But sometimes it’s clear you're being kept a secret. Other times it’s much more subtle.
According to Hokemeyer, red flags include the following: "if you haven’t met their friends or family; [if] there is no mention or connection with you on social media; [and if] you only go out to the most remote locales — or you never go out — but just stay at home with each other."
"Another sign is if you don’t see each other very often, or only on weeknights," adds relationship coach Donna Barnes. "Or, if after you have sex, he or she leaves and never spends the night."
If any of these signs are beginning to remind you of your relationship, it’s time to start questioning why you're being kept a secret.
The top reason for this kind of behavior, the experts explain, is that your love interest isn't committed to the relationship and may want to continue seeing other people.
"[This type of person] doesn’t like to include other people in their relationships until it feels serious," Barnes explains. "It’s less complicated to leave a relationship if no one else knows anything about it. By keeping you private, it may mean they’re not serious about you and probably dating others."
While most reasons for keeping someone secret are dubious or insincere — seeing other people, not serious about you — there's also the chance that they don't want any of their friends' or family's opinions just yet, says sexologist Dr. Nikki Goldstein. "It’s important in the beginning to stay clear of others' opinions and judgments while you’re still getting to know each other," she says.
But even Goldstein agrees that there's a time frame to this secrecy, and at some point, if it still feels like they’re hiding you, you have to find out why. And instead of straight-up confronting them and asking, it's best to try a more subtle approach — at first.
"To start, suggest doing public things together like inviting them to meet some of your friends or family," says Barnes.
Goldstein agrees. "Lead by example and see if they do the same. If the other person objects, or it still doesn’t change the secrecy, you’ll need to have a conversation."
More specifically, the experts say it's time to let the other person know how this situation is making you feel.

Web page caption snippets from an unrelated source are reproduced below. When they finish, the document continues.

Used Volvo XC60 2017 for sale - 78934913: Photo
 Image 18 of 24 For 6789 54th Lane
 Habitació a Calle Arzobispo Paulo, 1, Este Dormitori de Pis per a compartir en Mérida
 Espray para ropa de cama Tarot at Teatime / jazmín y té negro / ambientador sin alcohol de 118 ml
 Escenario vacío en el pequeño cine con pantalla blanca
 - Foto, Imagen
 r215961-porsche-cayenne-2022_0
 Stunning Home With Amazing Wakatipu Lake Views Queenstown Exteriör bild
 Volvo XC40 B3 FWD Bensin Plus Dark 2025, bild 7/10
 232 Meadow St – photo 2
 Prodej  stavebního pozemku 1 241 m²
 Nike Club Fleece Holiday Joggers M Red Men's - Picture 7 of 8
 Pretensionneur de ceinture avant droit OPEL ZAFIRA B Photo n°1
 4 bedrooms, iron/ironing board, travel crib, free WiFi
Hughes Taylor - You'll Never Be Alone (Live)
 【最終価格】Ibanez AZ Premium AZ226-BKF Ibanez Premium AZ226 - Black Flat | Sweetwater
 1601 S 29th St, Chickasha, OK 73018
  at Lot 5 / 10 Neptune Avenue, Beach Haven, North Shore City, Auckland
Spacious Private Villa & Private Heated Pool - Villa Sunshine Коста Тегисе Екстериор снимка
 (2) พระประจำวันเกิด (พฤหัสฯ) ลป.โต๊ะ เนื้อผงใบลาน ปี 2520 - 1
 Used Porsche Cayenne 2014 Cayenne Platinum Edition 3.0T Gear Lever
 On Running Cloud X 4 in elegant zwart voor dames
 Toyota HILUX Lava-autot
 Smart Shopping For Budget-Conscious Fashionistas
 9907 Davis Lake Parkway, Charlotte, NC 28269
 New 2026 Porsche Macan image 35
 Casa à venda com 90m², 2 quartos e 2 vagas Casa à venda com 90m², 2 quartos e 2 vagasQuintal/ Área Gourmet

“It’s important to state your perception as a statement rather than a question. Never forget that your feelings are 100 percent valid,” says Hokemeyer.
If the conversation doesn't quite go the way you hope, or if your partner confirms your suspicions about him/her, don't let it sour your attitude toward future relationships with someone else, says Goldstein. As the sexologist notes, we're simply living in an era when it's possible to date without having to be in an actual relationship. When it starts to feel more serious, try to remember that open and honest communication — from the beginning — will help keep you from feeling like a secret later on.